DePauw Fall and Winter 2012

Hey Guys.

I know I suck at posting like a lot….but hey this is a good chance to tell you all what I’ve been up to in Indy.

First of all, I’m having a great fucking time. I love a lot about this place and happy I chose DePauw. I love my swim team, we are a family here and support each other and do everything together. Total swim cult. But I have been doing great at swimming as well, I broke a minute for the first time in the hundo breast and went a 2.12 on my 200 breast which is pretty good. As of recently our team was ranked 5th nationally for Division 3 cause we’ve been doing so well. Haven’t come out to the team yet but they are accepting seeing as one of my teammates is openly gay. I think I haven’t for two reasons. 1. Rush-I should rush as the real Andrew so I know this is a dumb and bad reason. 2. I’ve gotten comfortable and coming out takes work. I am one lazy motherfucker.

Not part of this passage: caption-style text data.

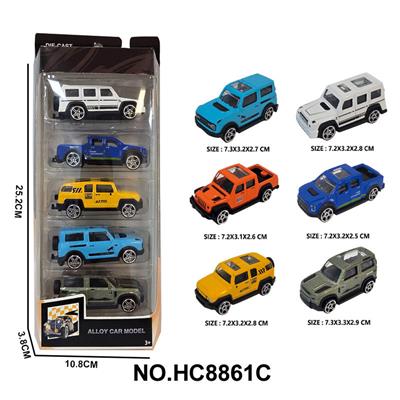 Die-cast toys - OBL10297453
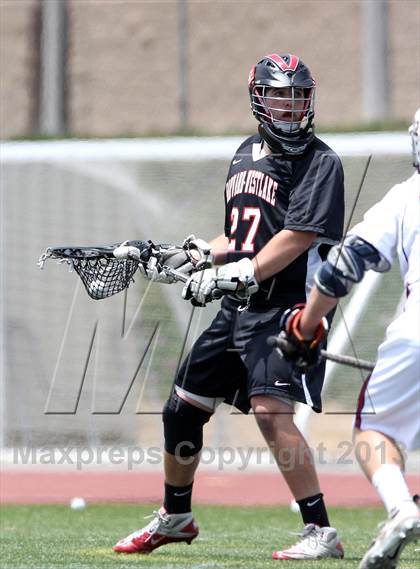 Thumbnail 2 in Harvard-Westlake vs. St. Margaret's (Northern vs Southern Final) photogallery.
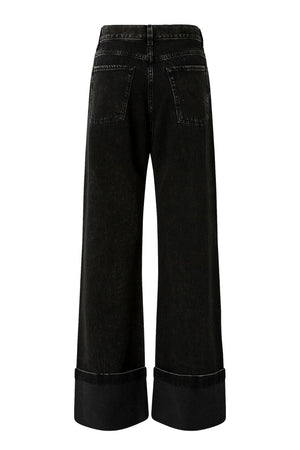 Pinko women's WANDA jeans with cuff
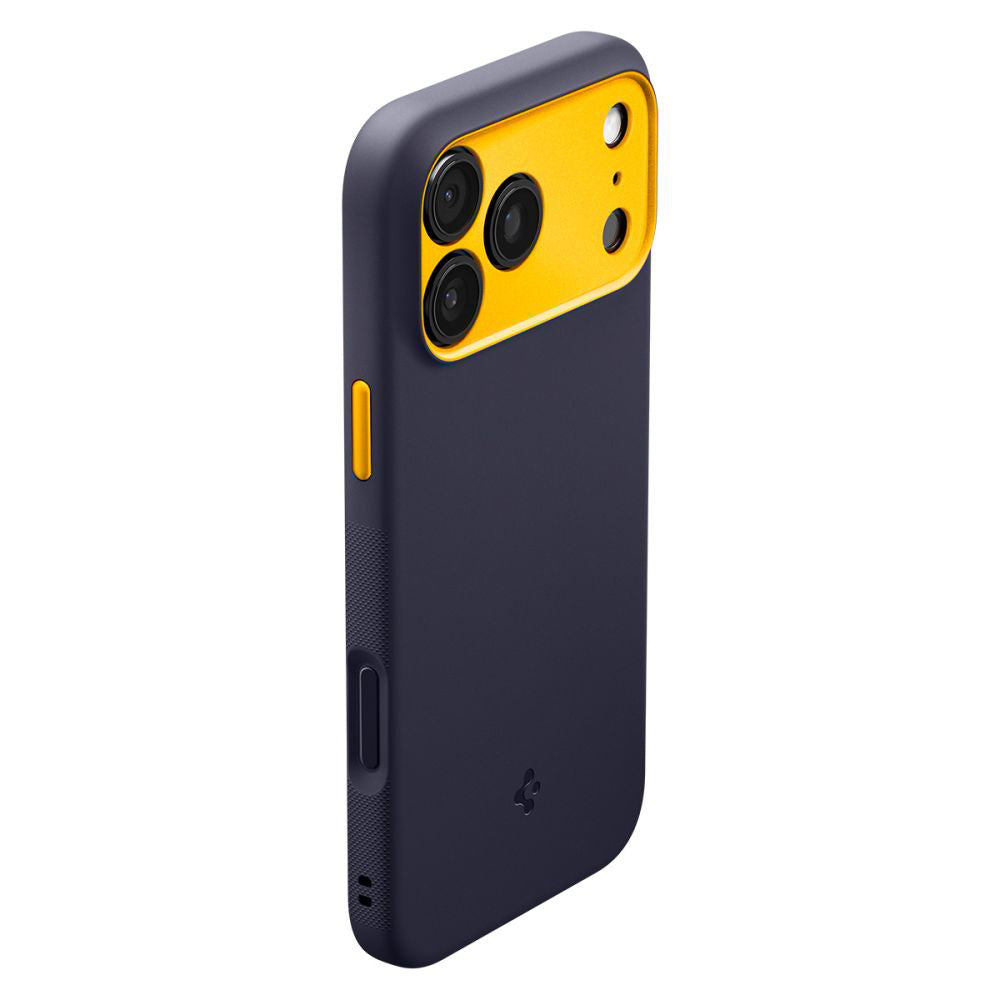 MagSafe hoesje voor Apple iPhone 17 Pro, Spigen, Caseology Nano Pop, Paars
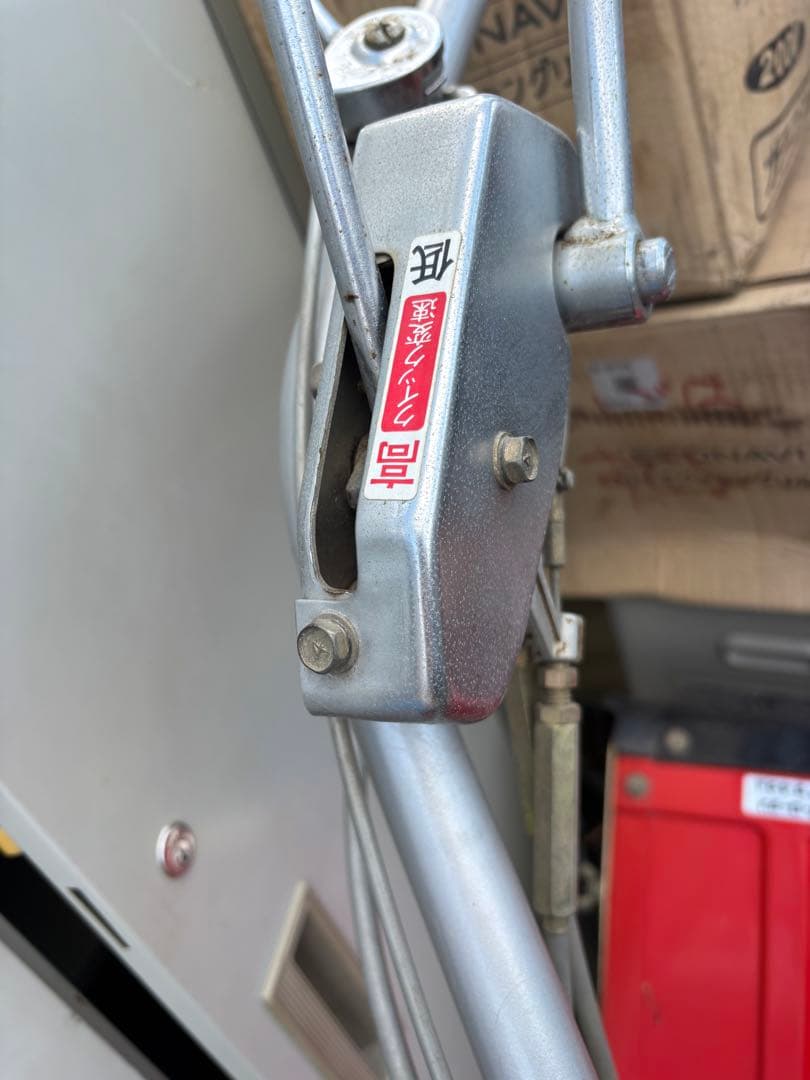 ヤンマー　YANMAR　YTA401　ディーゼルエンジン　L40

Classes suck. Just took my calc 2 final. Still have econ but I hated all my professors so I made sure I got good ones for next semester. Planning on majoring in Econ or Polysci. Bio minor hopefully.

This winter is “Winter term” where most people take a month long weird class but I’m interning at a small consulting firm in Indy online as the head of marketing. Cool right? There’s seven people in the company so I get the cool title. Oh I’m also managing all social media for my team–Random fact.

College stories…DePauw is like in the top ten party schools so I party. I won a round of Edward 40-Hands once—BAD experience. Other than that I’m pretty in control. I fucking hate beer though.

The guy story is grim. I’ve hooked up with 2 guys so far but then it got awkward after each and now it’s like Ive gone through the whole campus already. I did try pursuing this one other guy but he caught on and I was drunk and it was EMBARRASSING. So now I’m kinda abstinent or whatever which sucks because back in Minny I didn’t have that problem. Not that I’m a slut or anything but I had that “friend.” But its kinda lonely not having any guys want you or anyone to even cuddle with let alone anything more than that. (I’ve got some hot ass bitchesss but not quite the same.) 

I now know I am not destined to live in a small city. This city sucks and its depressing how uncultured and small minded everything is. Plus I can’t get a decent haircut within 30 miles of this place.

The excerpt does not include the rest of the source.